Personal information exposed

By Megan McNamara

For over a month at the beginning of this semester, a document containing Social Security numbers and other personal information of a few hundred students and alumni in the computer science department was accessible to anyone on the Web.

“The document was scanned by Google, and accessible to the public for over a month,” said Marc Snir, head of the Department of Computer Science.

It was a document containing personal information used to study retention rates within the computer science department on one of the department’s computers, Snir said.

It was accidentally put in the wrong place -a place accessible from the outside, Snir said.

Those affected maintain that the department should not have had that information on the Internet.

“They should’ve just kept it on the intranet, said Chris Watford, former University computer science student and a former Illini Media Company employee. “They shouldn’t have that kind of information on the Internet; that’s like leaving a page full of Social Security numbers on your desk. Besides, the University uses I.D. numbers – so why didn’t they use that number instead of the Social Security numbers?”

Paul Chang, senior in Engineering, agrees with Watford.

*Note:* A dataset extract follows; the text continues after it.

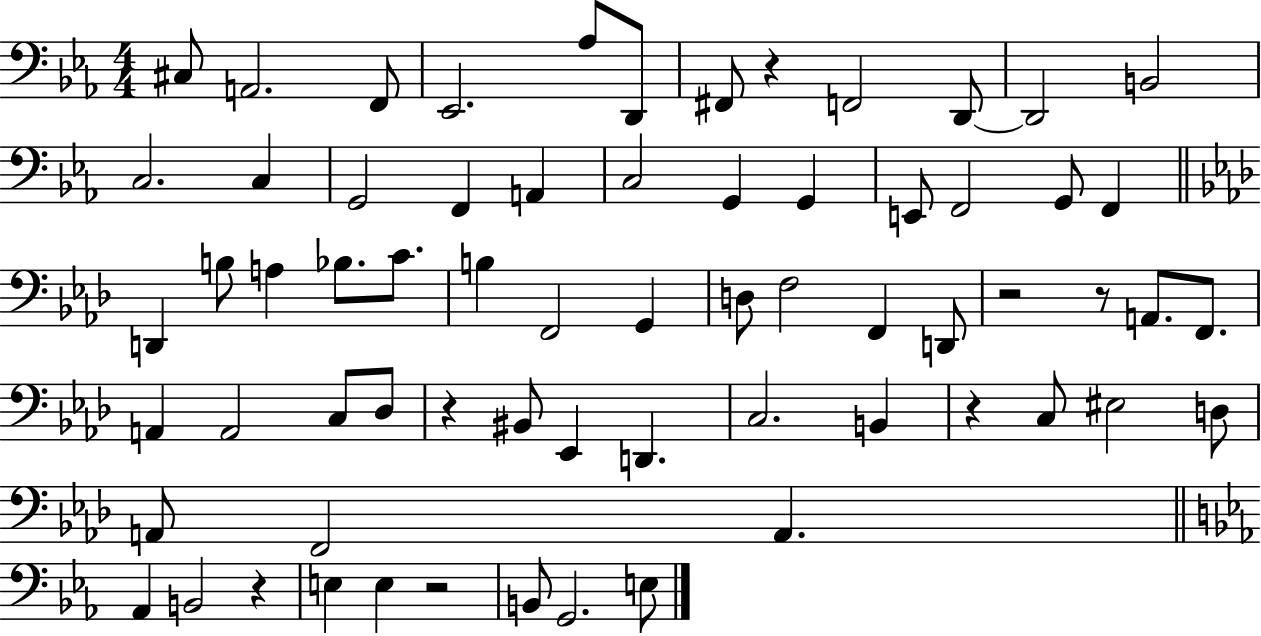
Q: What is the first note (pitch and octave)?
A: C#3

“I don’t understand why they didn’t just use the UIN’s instead of our Social Security numbers,” he said. “It was very irresponsible of them.”

Snir said a letter was sent out to all affected students and alumni informing them of the situation.

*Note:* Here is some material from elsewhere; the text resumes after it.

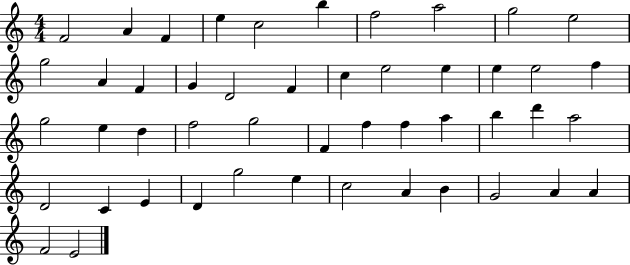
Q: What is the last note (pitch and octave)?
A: E4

“I didn’t even get the letter explaining what had happened,” Chang said. “It was sent straight to my parents.”

In response to the incident, the department also set up a phone line to accept calls from students or anyone else who wanted more information.

“We received approximately 20 calls,” Snir said. “Though there have been no cases of identity theft reported, we have instructed students to periodically check their credit reports to make sure there have been no suspicious transactions taking place.”

Chang said he is still concerned about the possibility of identity theft.

“I’m probably going to get a credit report soon, just to screen for identity theft,” Chang said.

Watford expressed his anger at the situation.

“I have to go out of my way to obtain a free credit report, on my own time,” he said. “I’m self-employed, so those are billable hours.”

Snir said the department is not taking the situation lightly and is working to ensure it does not happen again.

“Because we did not safeguard personal information as we should have, we are changing our procedures,” he said.

The department has already changed where information is stored, and faculty and staff will be trained in securing personal information this week. They are also hiring security officers who will be responsible for the security of the computer infrastructure to ensure privacy is maintained, Snir said.

“We have checked all directories to ensure we don’t have any files with social security information in the department,” Snir said.

However, for those directly affected, there is no easy solution.

“I was pretty pissed about what happened,” Watford said. “I left (the University) two years ago, so it’s entirely unacceptable that this information is still around.”

The department has admitted to making a mistake and is apologetic to those affected.

“I would like to apologize to all the students involved,” Snir said. “It’s not something we’re proud of. We are doing our best to make sure it doesn’t happen again.”